Practical tip: The “Feedback Persona”
Using GenAI, you can create a “Feedback Persona” simply by “teaching” a standard LLM your personal style.
The Setup: Open a new chat session in your LLM of choice. Paste 3–5 examples of your own past, high-quality feedback.
The Instruction: Provide your LLM with a description and some examples of your feedback style.
This is my feedback style. It is encouraging but rigorous. I will provide you with bulleted marking notes, and I want you to turn them into two coherent paragraphs of feedback addressed to the student.
The Workflow: For each student, simply paste your shorthand notes. This keeps the feedback customised to the student’s actual work while saving you the “blank page” fatigue of drafting 100+ individual paragraphs of feedback.
Reflection: Ethics and the “human-in-the-loop”
When using a “Feedback Persona”, data privacy is paramount. Never input a student’s full name, ID number, or sensitive personal details into a public LLM. As mentioned earlier, some institutions may provide you with a more secure, local version of an LLM for safer use. Please read your institution’s policy on GenAI and LLM usage before attempting this.
It is also important to consider what staff-generated materials are shared with commercial LLMs. Uploading assignment briefs, marking schemes, or model solutions to public systems may result in this content being incorporated into future model training data, depending on the provider’s policies. This creates a risk that students could later access high-quality or even complete solutions via the same tools. Where possible, opt out of data sharing (sometimes referred to as incognito or private mode), use institutionally approved systems, or avoid uploading full solutions altogether.
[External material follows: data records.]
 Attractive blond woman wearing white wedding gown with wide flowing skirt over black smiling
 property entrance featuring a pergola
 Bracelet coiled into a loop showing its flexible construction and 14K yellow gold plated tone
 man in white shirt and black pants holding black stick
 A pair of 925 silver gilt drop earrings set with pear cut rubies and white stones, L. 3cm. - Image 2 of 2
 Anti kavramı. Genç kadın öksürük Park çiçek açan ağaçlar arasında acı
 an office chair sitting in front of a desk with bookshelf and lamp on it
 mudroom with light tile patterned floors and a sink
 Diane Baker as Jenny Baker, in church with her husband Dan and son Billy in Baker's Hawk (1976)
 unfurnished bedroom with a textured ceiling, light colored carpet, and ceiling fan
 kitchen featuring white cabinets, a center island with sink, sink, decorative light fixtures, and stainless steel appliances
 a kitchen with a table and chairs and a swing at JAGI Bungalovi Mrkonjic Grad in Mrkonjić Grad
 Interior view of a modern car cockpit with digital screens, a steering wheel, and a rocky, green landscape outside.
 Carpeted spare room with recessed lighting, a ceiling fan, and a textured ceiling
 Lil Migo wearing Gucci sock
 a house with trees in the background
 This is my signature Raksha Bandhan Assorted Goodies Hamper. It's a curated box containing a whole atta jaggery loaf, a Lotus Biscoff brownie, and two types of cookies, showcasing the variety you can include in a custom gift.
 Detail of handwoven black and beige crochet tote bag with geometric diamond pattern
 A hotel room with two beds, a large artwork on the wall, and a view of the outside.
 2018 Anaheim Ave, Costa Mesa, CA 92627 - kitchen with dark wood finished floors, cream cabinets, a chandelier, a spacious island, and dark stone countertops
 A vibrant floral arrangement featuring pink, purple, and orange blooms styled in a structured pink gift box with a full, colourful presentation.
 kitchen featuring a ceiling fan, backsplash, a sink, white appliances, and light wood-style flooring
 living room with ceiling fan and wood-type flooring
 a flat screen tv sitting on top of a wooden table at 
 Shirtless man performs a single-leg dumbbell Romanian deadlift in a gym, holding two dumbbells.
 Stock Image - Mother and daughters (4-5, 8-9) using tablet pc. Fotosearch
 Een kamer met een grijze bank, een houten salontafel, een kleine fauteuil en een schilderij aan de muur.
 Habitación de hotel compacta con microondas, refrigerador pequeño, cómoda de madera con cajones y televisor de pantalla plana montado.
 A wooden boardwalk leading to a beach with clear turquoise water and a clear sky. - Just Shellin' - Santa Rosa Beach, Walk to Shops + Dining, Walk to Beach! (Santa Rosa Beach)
Treat the AI-generated text as a “first draft” — always review it to ensure it accurately reflects your marking notes before sending it to the student. Transparency is also key; informing students that you use GenAI to help synthesise your handwritten notes into formal feedback builds trust and models professional GenAI usage. In our experience, students have been okay with this, and when they have challenged it, we have provided them with the raw feedback notes to show that marking has been done manually.
Conclusion
That’s it; using those tips, you can adapt your assessment process to integrate this new tool into your practice, regardless of assessment type or field. We expect to see this field change and evolve. Many of the tips and prompts we have suggested can also be used to design simple GenAI agents — small, task‑focused systems built on top of an LLM. In tools like Copilot these agents can be created in an accessible, streamlined form that effectively “pre‑trains” the model to understand the structure, style, and type of output you want, without you having to repeat detailed instructions each time. Once you feel comfortable with the basics of using GenAI, exploring these lightweight agents can be a powerful way to simplify your workflow.